Bastien doit donc apprendre à reprendre la main sur son cerveau : d’abord, se concentrer sur la balle, par exemple, son rebond, le lancer, etc. C’est un effort à faire, un travail analytique aussi, on appelle cela l’entraînement, non ? Plus on arrive à passer volontairement d’un champ à un autre, plus on sait déjouer le piège du cerveau.
La concentration dépend donc de tout ça : la direction de l’attention, et la capacité que nous avons de maintenir cette attention pendant suffisamment de temps. Bien sûr, l’alimentation joue un rôle important parce que le cerveau fonctionne principalement avec du glucose, et il ne peut pas le stocker en grande quantité ! Dans les activités qui demandent une forte concentration, nous devons lui apporter cette énergie. Évidemment, l’entraînement nous permet aussi d’y parvenir.

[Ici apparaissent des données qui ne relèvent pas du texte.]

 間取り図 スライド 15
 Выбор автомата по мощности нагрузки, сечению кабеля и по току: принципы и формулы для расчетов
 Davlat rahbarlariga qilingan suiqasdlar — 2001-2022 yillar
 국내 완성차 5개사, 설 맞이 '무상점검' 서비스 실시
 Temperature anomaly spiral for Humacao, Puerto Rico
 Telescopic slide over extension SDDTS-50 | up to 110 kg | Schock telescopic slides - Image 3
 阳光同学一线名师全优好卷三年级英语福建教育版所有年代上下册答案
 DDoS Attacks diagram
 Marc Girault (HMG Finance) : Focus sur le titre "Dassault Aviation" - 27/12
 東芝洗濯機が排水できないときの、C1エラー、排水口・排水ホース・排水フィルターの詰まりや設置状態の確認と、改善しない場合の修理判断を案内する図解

Savoir passer d’un champ à un autre, voilà un beau challenge, mais suis-je capable de rester suffisamment longtemps là où j’ai décidé de porter mon attention ? Tout est bon à prendre, à condition de respecter quelques règles de sécurité. Étant musicien dans l’âme, l’un de mes exercices préférés est de me focaliser par exemple uniquement sur la basse d’une musique, le plus longtemps possible. C’est bien là tout mon problème, depuis mon enfance j’écoute la musique, et jamais les paroles, du coup je ne retiens rien parce que mon attention se porte « ailleurs ». Depuis que je me force à écouter les mots, notamment en anglais, je progresse énormément. Même si… je me laisse vite distraire par un piano, une guitare, un saxophone…
Les distracteurs en préparation mentale
On ne peut pas parler de concentration sans évoquer les distracteurs. Vous devez les identifier ! Quels sont ceux qui vous perturbent, qui vous font perdre vos moyens ? Comment tout faire pour les éviter ? Pour les écarter ? Que ce soit un parent, votre coach, un phénomène météorologique, une sensation de tomber malade… pour chaque distracteur, le travail consiste à trouver des solutions pour minimiser ou supprimer leur impact.
J’encourage toujours les sportifs à lister leurs distracteurs, et nous travaillons dessus pour les éliminer, ou pour modifier la représentation qu’on en a : certains ont « la pression » du regard de l’entraîneur. Peut-être finalement qu’en compétition c’est lui qui a la pression pour son poste, bien plus que vous. Et au fond de lui, il vous encourage bien plus qu’il ne vous juge à cet instant !
En conclusion
Ce qu’il faut retenir de tout cela, c’est qu’il faut faire confiance à notre cerveau. Cependant, quand il se met à paniquer, nous avons la possibilité de le rassurer, de « reprendre » la main, de le guider. Bien sûr, il faut s’entraîner, et cette thématique doit être largement traitée, au plus tôt. Cela demande de la disponibilité mentale, de l’énergie, mais vous en apprécierez les effets. Par exemple, dans une salle d’attente, la facilité nous conduit à porter notre attention sur notre téléphone portable. C’est en tout cas ce que nous propose notre cerveau. En connaissant le mécanisme des champs attentionnels, pourquoi ne pas profiter de ce moment pour porter son attention ailleurs ? Ces moments d’attente sont de véritables pépites pour s’entraîner.
Tout cela peut paraître étrange, mais notre cerveau aime ça : observer, ressentir, forcer d’autres points de vue. Les champs attentionnels sont partout. Vous voulez rester accroché au présent ? Concentrez-vous intensément sur une sensation, l’air qui passe dans vos narines, l’endroit de votre corps le plus frais, essayez d’amplifier tout ça. En fait, tout est possible. Certains restent en permanence dans des idées noires, réagissez ! D’autres, comme certains enfants, fixent intensément les gens qui les entourent, captivés. Nous avons le pouvoir de décider. Tout le temps, ou presque.